Justices Kennedy, Alito, Scalia, Roberts & Thomas – You motherfuckers just couldn’t wait, could you! I was going to make the crazy bastard who massacred a bunch of kids at Virginia Tech my Asshole of the Week, because I’m kind of lazy and it was a natural fit, then I got far worse news in the middle of the week. How are you MEN worse than a crazed killer? It’s simple. Cho was a mentally ill wacko, whereas you are supposed to be men of the law, operating with reason, who sit on the Supreme Court to assure that equal protection is afforded to all citizens of the United States (even those of us with vaginas). Your job is to give us a greater quality of life, and instead you took the most extremist element in our society and championed their narrow views, while at the same time telling women that we are nothing more than uteruses. I don’t like this particular medical procedure, and I guarantee most women who carry a child into the third trimester and have every intention of welcoming motherhood, don’t like it either. I’ve read about cases where this procedure is used, it is in grave circumstances where the life of the mother is in danger, and the child is going to die anyway, but that doesn’t matter to you MEN. You MEN are worse than Cho, because he chose to kill a select group of people on one particular day, whereas you MEN have doomed many more women and children to die for several years to come. For championing an extremist ideology, and completely ignoring your job duties, Justices Kennedy, Alito, Roberts, Scalia, and Thomas, you are the Assholes of the Week!

3 comments:

Beezle said...

Bravo, Melanie!

I just finished watching the movie "Network" for the first time tonight, then I hopped on the ole' laptop to read some of my favorite blogs. I found your illustrations and points about the media's handling of the Cho incident very astute and apropos in relation to the themes of that brilliant film. The big-wigs of all of these Media corporations seek out the ripest and most volatile grime they can get their hands on end exploit it.
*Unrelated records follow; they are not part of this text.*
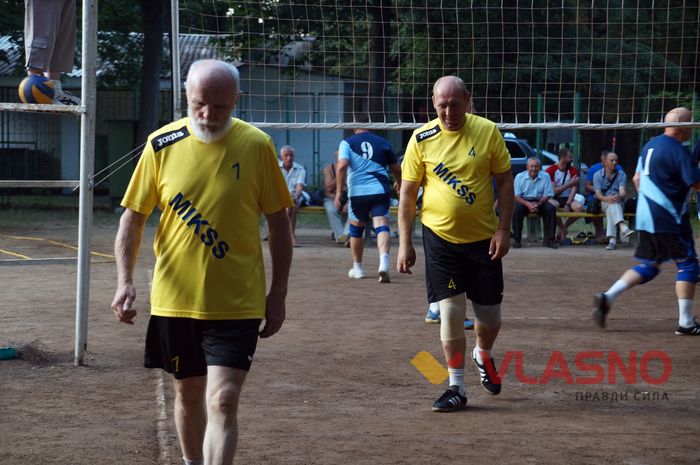  Надворі +30, гравцям — за 50: у Вінниці стартував турнір серед волейболістів-ветеранів 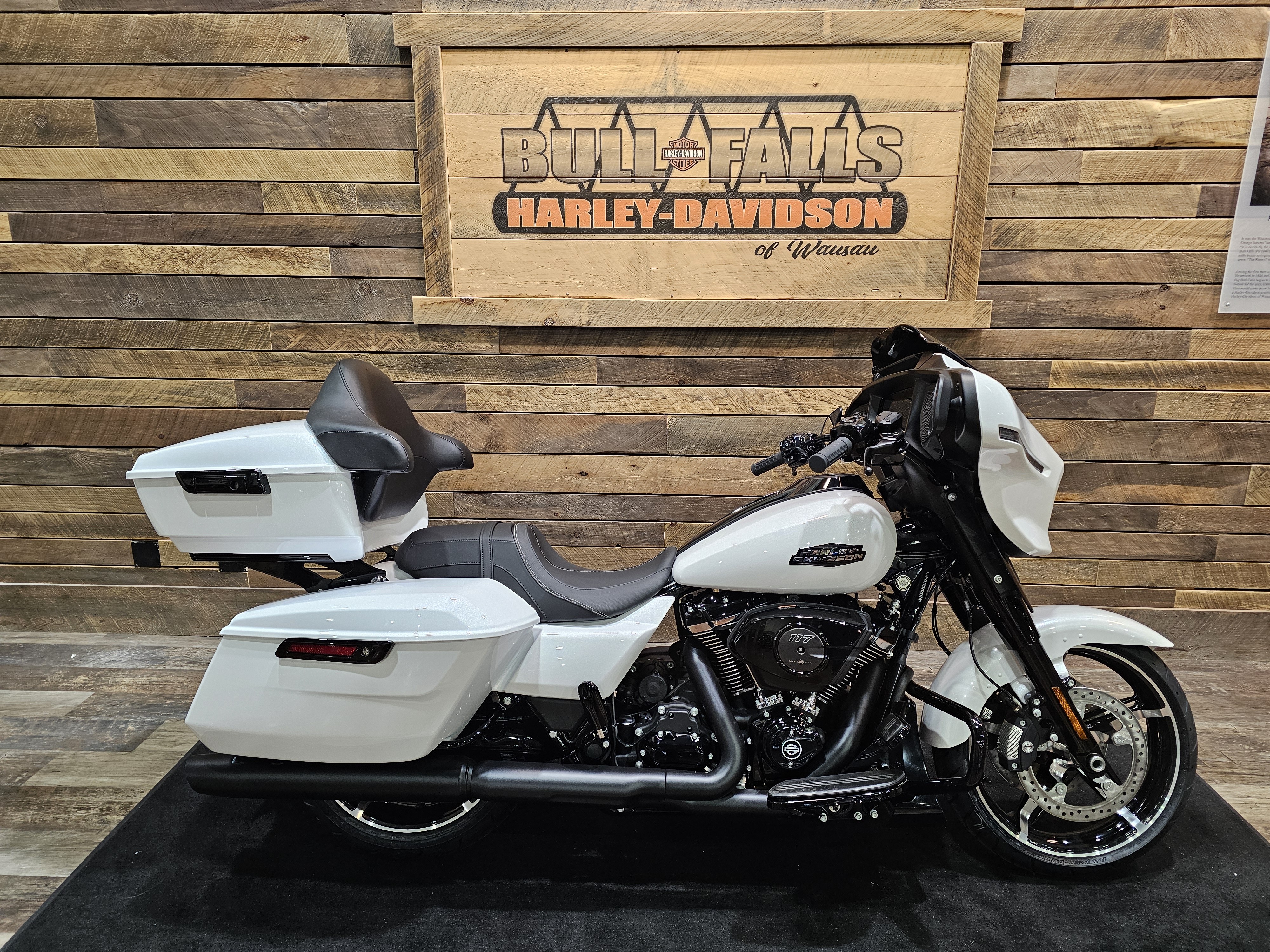 2024 Harley-Davidson Street Glide Base at Bull Falls Harley-Davidson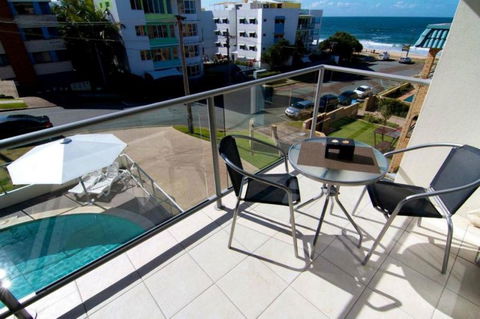 Merrima Court Holiday Apartments - Accommodation Gold Coast 3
In regards to the disgusting legislature passed on abortion, all I can think of is a wonderful quote from Florynce R.Kennedy:

"If men could get pregnant, abortion would be a sacrament."

FOUR DINNERS said...

The Anti Crpaitalist has pointed out that Cho was obviously a retard - the plays he wrote are abysmal and he was taking an English degree? There must be a quota of retards for every course in our pc world.

If men could get pregnant sex would be abolished.

Anonymous said...

Amen on the SCOTUS this week! Just beyond words!